The next public plenary of the Conference will be held on Tuesday, 18 February 2014, at 10 a.m.

Statements

Ambassador EVIATAR MANOR of Israel, President of the Conference on Disarmament, provided an update and indicated that there was a possible way forward for work. Following discussions in the plenary meeting last week, on the Non-Paper 1, containing a draft decision for the reestablishment of the Informal Working Group, all comments received by delegations had been reflected in a revised version, entitled Proposed Amendments for Non-Paper 1, which had been circulated yesterday to all delegations by the Secretariat.

The President and the P6 held extensive consultations in the last week to address open issues and items raised in the previous plenary meeting of the Conference.  The President reiterated that he had always believed that work should be done in full transparency, in order to allow as many views as possible to be reflected in the decision-making process of the Conference.

The President was pleased to report that it seemed that all had expressed their support for the principle of re-establishing the Informal Working Group.  While many had supported this approach, some had expressed desire for further discussions on some elements of the proposed informal text, Non-Paper 1.  Yesterday, the Secretariat had been requested to circulate a second non-paper regarding the reestablishment of the mandate of the Informal Working Group for 2014.  This non-paper constituted all proposed amendments received following the previous plenary meeting of the Conference.  It was believed to be necessary to unofficially submit this proposal for consideration and to have a discussion concerning the relevant issues.  They would like to keep things as simple and straight forward as possible.  If all felt that further discussions were required, additional consultations with concerned parties would be launched regarding the Non-Paper, in order to take action in next plenary meetings.  It was hoped that consensus could soon be reached on an agreed text.  Regarding the schedule of activities, significant progress had been made, based on P6 consultations.  Further consultations with regional groups were expected to take place based on a P6 non-paper to be presented soon. 
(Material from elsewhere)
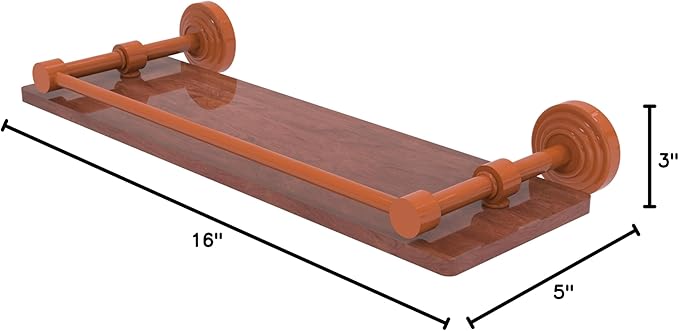 Allied Brass WP-1-16-GAL-IRW-ASP Waverly Place Collection 16 Inch Solid IPE Ironwood Shelf with Gallery Rail, Autumn Sparkle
United Kingdom congratulated the President on the assumption of his role and assured him of the United Kingdom’s full support for his efforts.  The United Kingdom was disappointed that despite best efforts, there had been no choice but to conclude that consensus on a programme of work could not be achieved under the President’s presidency.  It noted the stated willingness of many members to repeat the flexibility shown in the past in the interest of getting the Conference back to work, but for many that flexibility had already reached its limits.  Continued failure to get the Conference back to work could do nothing but erode its credibility and with it, the consensus-based approach that provided the essential fail-safe for preserving national security interests.  The United Kingdom fully understood the needs of all members to preserve those interests, but equally strongly believed that all would have the opportunity to do so, should consensus be reached again on a programme of work identical in essence to the last programme of work adopted by the Conference.  While consensus on a programme of work remained illusive, it supported the reestablishment of the Informal Working Group.  The mandate should remain the same.  There had been no significant change in the context in which we were working, that would require it to change.  Similarly, it saw no reason to amend the decision taken to establish that Group, other than to update it in a purely technical manner.  The United Kingdom looked forward to giving consideration to the outcome of consultation on proposed schedule of activities schedule as early as possible.  In the interest of being transparent, the United Kingdom announced that it would not attend the Conference on the Humanitarian Consequences on the Use of Nuclear Weapons, later this week in Mexico.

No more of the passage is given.